Scientists Find the Switch to Regulate Flowering
The natural world is amazing. Different plants have different flowering times. What magical power is controlling the flowering time? Scientists have been searching for this mystery.
The Li Peijin research group of the National and Local Joint Engineering Laboratory of Plant Resistance Breeding and Disaster Reduction, College of Life Sciences, Anhui Agricultural University, China, has revealed a new regulation mechanism of the natural variation of Arabidopsis blooming through research. This research result was recently published in Nature Communications.
Flowering time is a key agronomic trait, which has an important influence on plant yield and quality. Generally speaking, each plant has the best flowering period, during which the flowering can achieve stable and high yield. However, if the flowering period advances or lags behind, it will have an adverse effect on yield.
Li Peijin gave an example: Maize is extremely sensitive to high temperature during the flowering period. If it blooms in hot weather in July, it will lead to uncoordinated male and female flowering periods and pollination failure. In severe cases, the grain will not be harvested, which will cause major losses to agricultural production. Therefore, analyzing the flowering mechanism of plants has important practical significance for plant molecular assisted breeding and increasing crop yields.

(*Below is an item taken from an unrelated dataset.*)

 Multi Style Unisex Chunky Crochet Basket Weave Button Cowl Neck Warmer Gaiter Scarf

Plant evolution is a long process. The same type of plants are distributed in different areas. In order to adapt to different environments, their genetic genes will undergo different changes during the evolution process, and there will be abundant natural mutations, thus maintaining various types of flowering. This phenomenon is very common in the model plant Arabidopsis thaliana and is an important feature of genetic diversity.

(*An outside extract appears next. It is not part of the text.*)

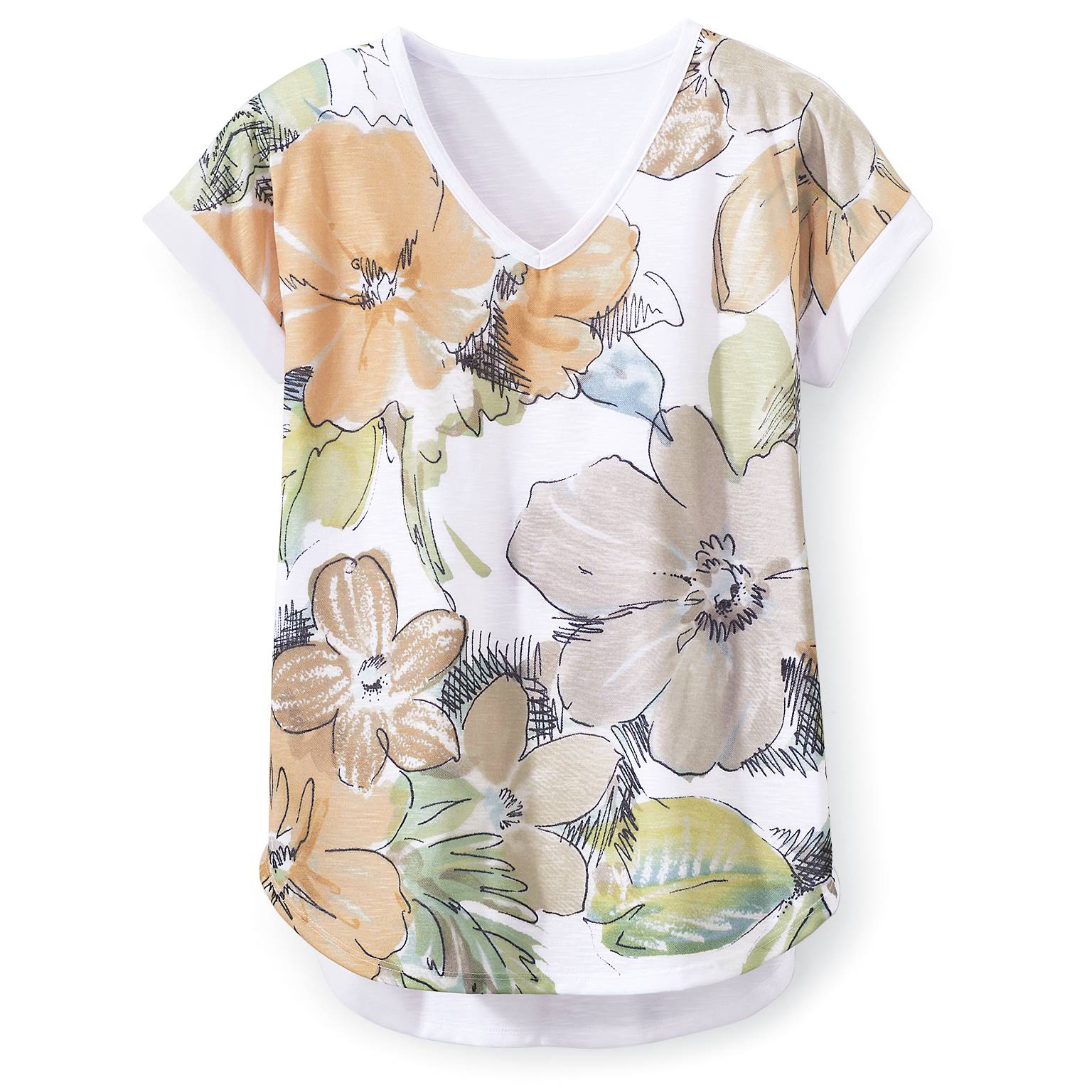 Sketch Watercolor Floral Top, Dolman Cap Sleeves, Curved Hem - Northstyle Catalog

Studies have found that FRIGIDA (FRI) and FLOWERING LOCUS C (FLC) are two key genes that inhibit plant flowering. For example, the reason why winter wheat needs to survive the winter is mainly because the homologous gene expression level of FRI and FLC is very high, which inhibits the flowering of winter wheat. After a long period of low temperature in autumn and winter, the FLC expression level will slowly decline. When the next spring, with the gradual increase in temperature, winter wheat can blossom and bear fruit. At the same time, only when FRI and FLC coexist, can they exert the function of inhibiting flowering. The loss of any gene will cause early flowering of plants.
In different types of Arabidopsis, the expression level of FLC is very different. Li Peijin’s research team conducted a quantitative analysis of the FLC gene expression levels of 102 species of Arabidopsis thaliana worldwide, and screened out a key gene SSF that regulates the flowering period through genome-wide association analysis. The protein encoded by the SSF gene is responsible for the function of regulating flowering. Through further research, it is found that the protein encoded by the SSF gene has two variant types-SSF414D and SSF414N. The widespread protein ubiquitination modification and degradation system in plants can recognize these two proteins and regulate the level of SSF protein, thereby affecting the expression level of the flowering suppressor gene FLC, leading to changes in plant flowering.
Li Peijin explained that the two variants of the SSF gene are amazing. Although SSF414D and SSF414N can inhibit the flowering of plants, the function of 414D is stronger and more obvious, while the performance of 414N is relatively insignificant.
In previous studies, the SSF gene has been discovered many times, but how this gene functions has been unclear, and the molecular regulation mechanism is even unknown. This research result has solved this problem for the first time and revealed in-depth that natural genetic variation regulates plant growth. The new mechanism of the period provides important genetic resources and theoretical basis for plant breeding.